夕暮れ時、私とすれ違った自転車に乗った親子連れの何気ない会話。
はて。
自転車の後ろに乗った幼女の言う“夕焼けみたい”とはどんな空なのか。疑問に思った私は、何気なく背後の空を振り返り見上げた。
なるほど。
西の空は、雲が薄く薄紅色に染まっていた。
いわゆる、ピンク色。
確かにこれは“夕焼け空”と胸を張って言えない色だ。
夕焼けの空、と言って思い浮かぶテンプレート色は、もっと朱色主体の色だ。オレンジ色、朱色、バーミリオン。
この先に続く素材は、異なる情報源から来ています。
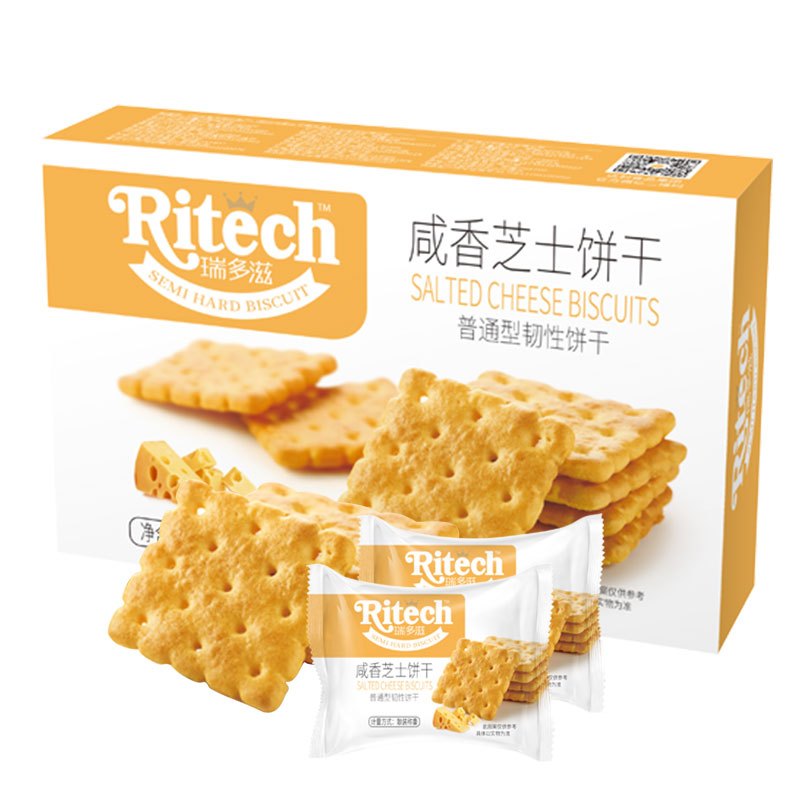 好吃点 瑞多滋 咸味芝士210g 零食休闲饼干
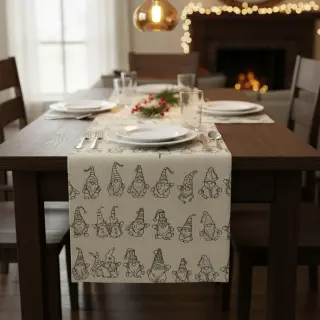 Dekoračná látka Linenlook premium Tomte Jolly Line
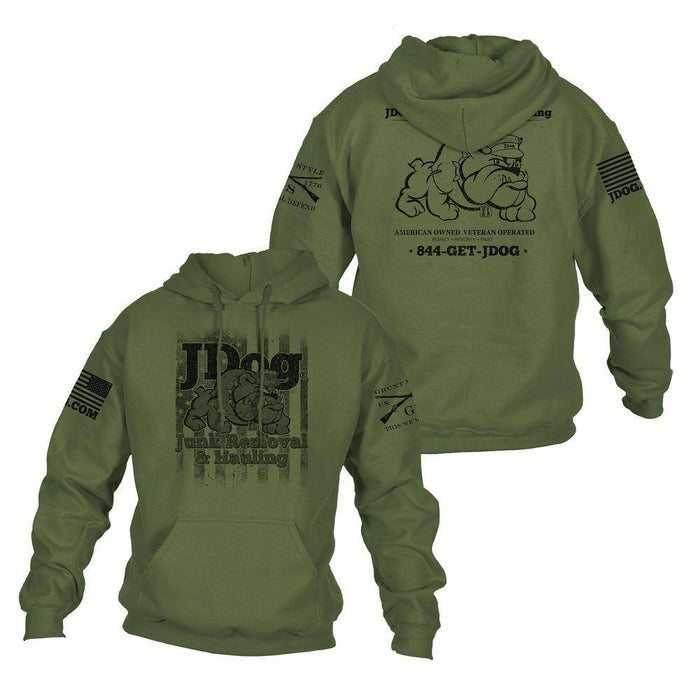 JDog Junk Removal and Hauling Hoodie Military Green | Grunt Style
茜色もそれに当たるか。
大人にしてみれば、空が染まり始めるこの時間帯から“夕焼け”と認定されるだろうが、幼女的には、あのピンク色だと“まだ”夕焼けではなかったのだろう。
だからこそ、“みたい”という表現だったのか。
そこまで思い至って、もう一度振り返って見あげた空は、もう既に朱色が混ざった“夕焼け”の空だった。
秋の日はつるべ落とし、とはこのことか。
なるほど。
夕焼け空で思い出す事が一つ。
その昔、息子がまだ小学校低学年だった頃。
冬の始まりのある日の夕方。
赤い頬をして帰ってきた息子が、私を外に早く早くと無理矢理連れ出す。
かーちゃん、夕飯作ってる最中だがね。
いいから見て! と言って息子が指した西の空は、それはそれは、とても見事な夕焼けの空だった。
自然は芸術家なのだな、としみじみ思いつつ。
私は、とても、嬉しかった。
あんなに小さかった息子が、この風景を綺麗だと思うまでに感性を成長させたこと。
それを誰かと共有したいと思うまでに社会性も成長させたこと。
それを見せる相手に選ばれたということ。
それらが、とても嬉しかったのだ。
実際問題として、一人っ子の彼には母親くらいしか相手はいなかったのだろうが。
ね! 綺麗でしょ?
なぜか得意げな息子が可愛くて。
でもそれは、やっぱりあっという間に変わってしまう風景で。
忘れたくないな、と思った。
あの時小学生だった息子が、今や立派な大学生。
『秋の日はつるべ落とし』が如く、人もあっという間に成長してしまうのだった。